An 1891 edition of the Transactions of the Philological Society, a London-based group, puts the creation of corduroy at between 1776 and 1787, though there is a 1774 mention of imported corduroys from Britain in the Newspapers.com archive.
In her 1973 Chicago Tribune article on corduroy, Marylin Stitz mentioned that the name of the material is French in origin, standing for an anglicized “Cord du Roi.” The Philological Society, however, did not share that view.
The philological group, which studies the development of languages, stated that the French variation of the word was in fact referred to as “the king’s cord,” but in an already Anglicized way—kings-cordes, to be specific. Meanwhile, other elements of the English language didn’t make it to France.
“The word duroy as the name of a coarse woollen fabric, manufactured with verges and druggets in the West of England in [Robinson Crusoe author Daniel] Defoe’s time, has evidently no connexion,” the society explained.

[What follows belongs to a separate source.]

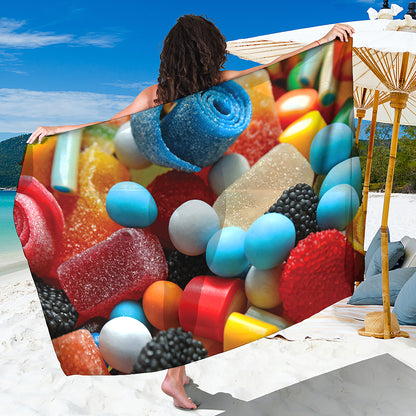 Yummy Gummy Print Beach Sarong Wrap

The society additionally discussed the possibility that the fabric was named after someone named Corderoy, only for that linguistic meaning to get morphed slightly.
We’ll likely never know for sure because history is hazy on this point, but a 1772 mention of “corderoys,” in reference to the fabric being imported, supports the claim, for what it’s worth.
It’s either that, possibly, or that someone saw the cords on these pants and thought it fit perfect with “duroy.”
Corduroy may be the ultimate always-going-in-and-out-of-fashion fabric.
To prove the point, we’re going to play a game here. Below are quotes from three trend pieces about how corduroy is coming back into style. Guess the year for each:
- “It’s amazing. People are coming in like crazy and asking for corduroy slacks and sport coats—even with patches on the sleeves.”
- “Its royal roots may be in question, but there’s no debating that corduroy has made a grand comeback.”
- ”One of the ‘new faces’ on the fashion scene this season is corduroy. Although this cotton is a traditional classic, new treatments give it a lease on life.”
If you guessed 1994, 2002, and 1952, you are correct.
Of course, corduroy wasn’t always in comeback mode. If you were, however, to set a single decade as “peak corduroy,” which decade might you choose?
If you said the 1970s, ding ding ding we have an answer! In 1973, the Chicago Tribune’s Marylin Stitz really nailed the interest in corduroy at the time:
When you think about transitional dresses, playtime outfits, and back to school togs, one fabric comes to mind. Corduroy.
Why? Because it’s luxurious and functional at the same time. It can look dressed up or dressed down. It holds its shape and is easy to care for. It adapts well to clothing for your entire family. It’s durable—and economical.
As for the 21st-century resurgence, it appears modest so far. Rohan of the Corduroy Appreciation Society started an all-corduroy online store in 2016, which sells tufted ties and jackets. All outfits are designed by Rohan, with cloth coming from the birthplace of modern corduroy, Northern England.
As neat as corduroy is, it doesn’t generate a ton of die-hards. Folks who are really into the fabric, like Rohan, are few and far between. Corduroy is the fashion industry’s variation on the McRib—an inoffensive-enough product that retailers can go back to when they need a short-term hit, something that has just enough novelty to it that people will buy it because they’ve read somewhere that corduroy is making a comeback.
For the rest of us, we don’t really think in terms of wales all that often.